We applied the predictive models developed by Waghu et al. to estimate the probability that sequences generated by AMPGAN will feature antimicrobial activity. This allows us to evaluate the quality of AMPGAN v2 in a absolute sense, ideally all AMP candidates generated by AMPGAN v2 would feature antimicrobial properties, and in a relative sense, by comparing it with AMPGAN v1.

We generated 5000 AMP candidates from AMPGAN v1 and 5000 from AMPGAN v2, then evaluated them using each of the four predictive machine learning models available on the CAMP_R3 web page. From these predictions we calculated the percentage of sequences that were predicted to have antimicrobial properties, relative to the total number of sequences. Additionally, we estimated a 95% confidence interval for each percentage using bootstrapping. The results of this evaluation are summarized in Table 1, which shows that AMPGAN v2 strongly outperforms AMPGAN v1 which successfully predicted experimentally validated AMPs.

Table 1:

Investigation of the expected antimicrobial properties of samples generated by AMPGAN v1 and v2 using the machine learning models developed by Waghu et al.. 5000 AMP candidates were drawn from each generative model and each candidate was evaluated by four predictive models: a support vector machine, a random forest, an artificial neural network, and discriminant analysis. The percentage of generated samples that were predicted to have antimicrobial activity is presented, along with a bootstrapped 95% confidence interval in parenthesis.

	AMPGAN v1	AMPGAN v2
Support Vector Machine	5.24% (4.44%, 6.08%)	79.85% (78.27%, 81.39%)
Random Forest	7.66% (6.68%, 8.72%)	88.36% (87.06%, 89.62%)
Artificial Neural Network	4.22% (3.52%, 5.00%)	88.24% (86.94%, 89.46%)
Discriminant Analysis	7.76% (6.76%, 8.72%)	83.71% (82.23%, 85.18%)

Conclusion

In this work, we introduced AMPGAN v2, a BiCGAN that allows for the controlled generation of peptides with varying degrees of antimicrobial properties.
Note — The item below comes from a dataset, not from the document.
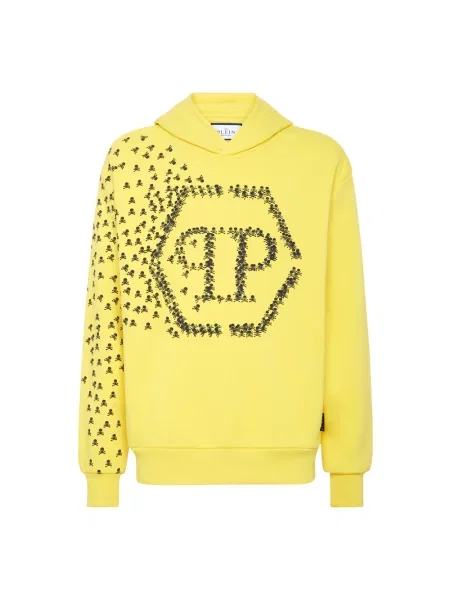 Bluza z kapturem Philipp Plein z kapturem żółta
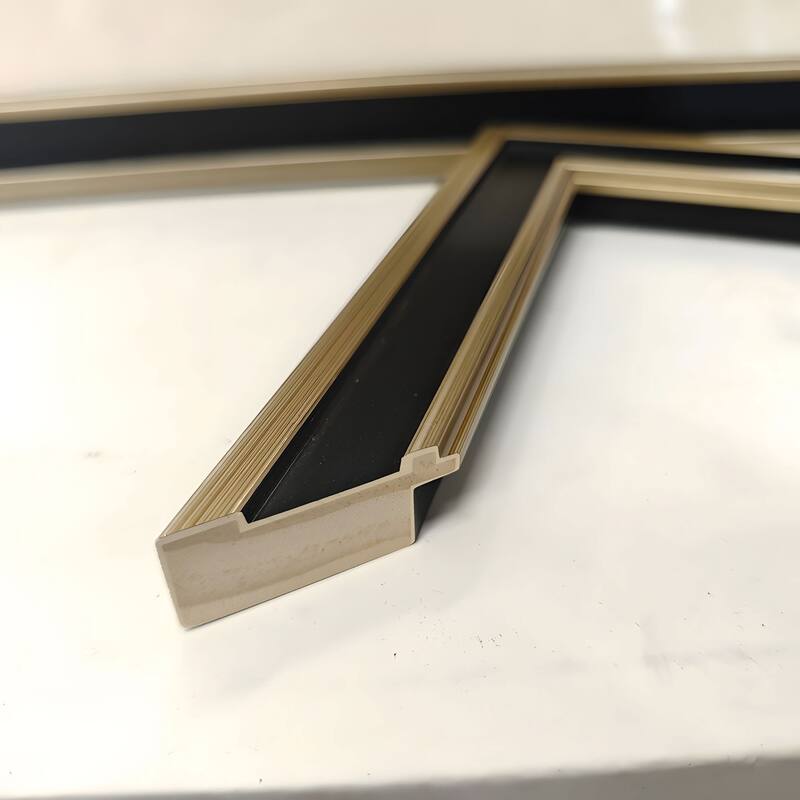 Set of 3 Black and Gold Abstract Framed Wall Art - Replaceable Canvas Prints with Solid Wood Picture Frames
We demonstrate that AMPGAN v2 can be trained successfully using a combination of AMP and non-AMP data. Notably, our data, from extensive comparison between known AMPs and generated peptides, indicates the capacity of AMPGAN v2 to generate sequences that are diverse and novel relative to the training data, but still maintain key AMP features. Additionally, AMPGAN v2 is responsive to changes in the conditioning vector, allowing for effective control of the generative process.
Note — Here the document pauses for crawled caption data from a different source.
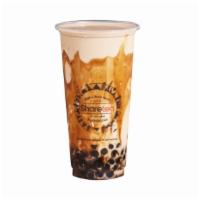Tiger Fresh Milk · Tiger, our famous brown sugar fresh milk, with 1 scoop of special brown sugar boba, cooked w...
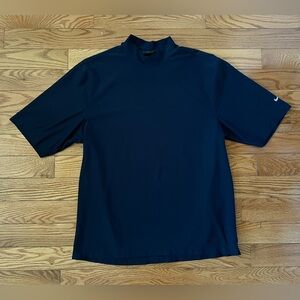 Nike Golf Mens Blue Dri-fit UV Crew Neck Short Sleeve Shirt | Medium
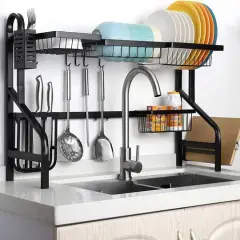 NEX&trade; Black 2-Tier Over the Sink Dish Rack with 5 Utility Hooks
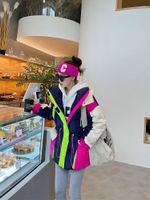 여자 트렌치 코트 여성 겨울 면화 2022 컬러 매칭 캡 길이 느슨한 두꺼운 따뜻함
Based on the experimental validation of AMPGAN v1⁵⁴ and the conditional VAE presented by Das et al., we expect the true success rate of AMPGAN v2 to be between 10% and 50%. If that proves to be the case, then AMPGAN v2 represents a fair improvement over the less than 1% success rate of more traditional design methods.⁸² Supporting this estimate, sequences generated by AMPGAN v2 were much more likely to be labeled as having antimicrobial properties than sequences generated by AMPGAN v1, when evaluated by a suite of predictive machine learning models.
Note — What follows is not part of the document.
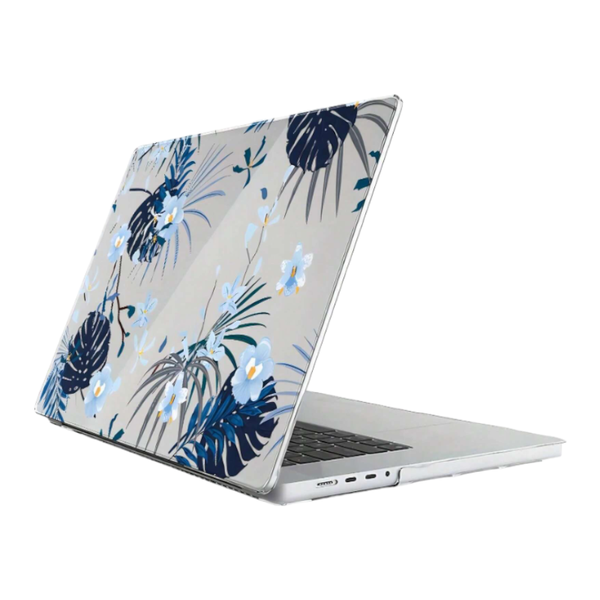 Floral Pattern Printed Protective Case For MacBook Air M2 2022 - Blue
AMPGAN v2 has many valuable features, though there are limitations that should be addressed in future work. Specifically, the low training stability of the current system should be improved to reduce training costs. Furthermore, additional validation is needed to ensure that AMPGAN v2 is responsive to manipulations of the target microbe and target mechanism conditioning elements. Greater responsiveness to manipulation of conditioning variables in combination with better training stability will improve designer confidence when developing new AMPs. Finally, additional quantitative methods for evaluating the quality of generative AMP models are needed to aid in development and performance comparisons. We believe that an extension of Fréchet Inception Distance⁸³ to this domain and the use of Adversarial Accuracy⁸⁴ are promising directions to investigate. Along with these faster evaluation methods, we plan to experimentally validate the antimicrobial properties of several AMPGAN v2 designed peptides.

AMPGAN v2 contributes a GAN-based model to an area where non-generative models or VAEs are more prevalent. Additionally, we open source AMPGAN v2,⁶⁶ allowing the community to interact with and deploy our tool to design and discover AMPs.